The A303 trunk road, linking London with southwest England, crosses the parish. Berwick St John village is on the B3089 about 0.8 mi to the south. The Monarch's Way is a 615 mi long-distance footpath that passes through the parish.

==History==
There is a prehistoric earthwork near Penning, in the north of the parish. From before 1650 to around 1900, nearly all the land in the parish belonged to a single farm, probably Cold Berwick Farm, which appears on a 1773 map but had been demolished by 1822. During those centuries, Cold Berwick was an alternative name for the village.

The name Berwick derives from the Old English berewīc meaning 'barley farm'.

The manor was not mentioned in Domesday Book but may have been included in Shaftesbury Abbey's Tisbury estate. Owners after the Dissolution included Sir George Howe (c.1627–1676, created baronet of Cold Berwick in 1660), his son James (c.1669–1736), and the latter's nephew Henry Lee Warner (1688–1760), who each sat for a time as MP for Hindon. In 1826 the manor was bought by Robert Grosvenor, 2nd Earl Grosvenor who sold it in 1838 to the millionaire businessman James Morrison. The land remains in the Morrison family, now the Barons Margadale, alongside their Fonthill estate.

A manor house was built in the early 17th century immediately south-west of the church. It was used from time to time by Henry Lee Warner and his son, but later fell into disuse and by 1820 served as a barn. It was taken down between 1902 and 1904, and its elaborate three-gabled south front re-erected to build Little Ridge, designed by Detmar Blow for Hugh Morrison on the Fonthill estate. That house was much enlarged and renamed Fonthill House, then itself demolished in 1972.

Berwick House, on the Salisbury road south of the village, began as a farmhouse in the late 18th century (English Heritage) or sometime after 1817 (Orbach).
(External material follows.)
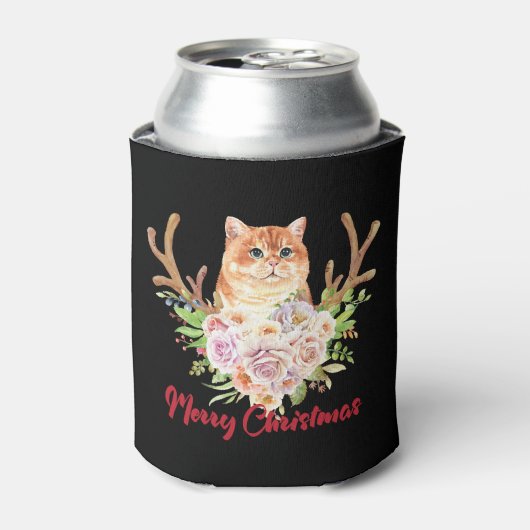 Vrolijk kerstfeest en kat blikjeskoeler (Blikje Voorkant)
Enlarged during the 19th century, the three-storey brick house has a five-bay front to its three parallel ranges and full-height bow on its left side. It was converted into eight flats in 1949.
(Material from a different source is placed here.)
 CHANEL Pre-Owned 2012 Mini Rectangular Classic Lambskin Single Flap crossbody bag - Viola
In 1934, 230 acres in the south-west of Berwick parish was transferred to Hindon. A small area in the south, including Berwick House, was transferred from Fonthill Gifford in 1986.

==Parish church==
St Leonard's Church was built in the 12th century and rebuilt in 1860, although care was taken to preserve its external appearance. It has been designated as a Grade II* listed building. The church was closed in 1966, declared redundant in 1973 and is now in the care of the Churches Conservation Trust. Today Berwick St. Leonard falls within the area of the Nadder Valley team ministry, a grouping of sixteen rural churches.

==Local government==
The parish is in the area of Wiltshire Council unitary authority, which is responsible for all significant local government functions. The civil parish does not elect a parish council. Instead the first tier of local government is a parish meeting, which all electors are entitled to attend.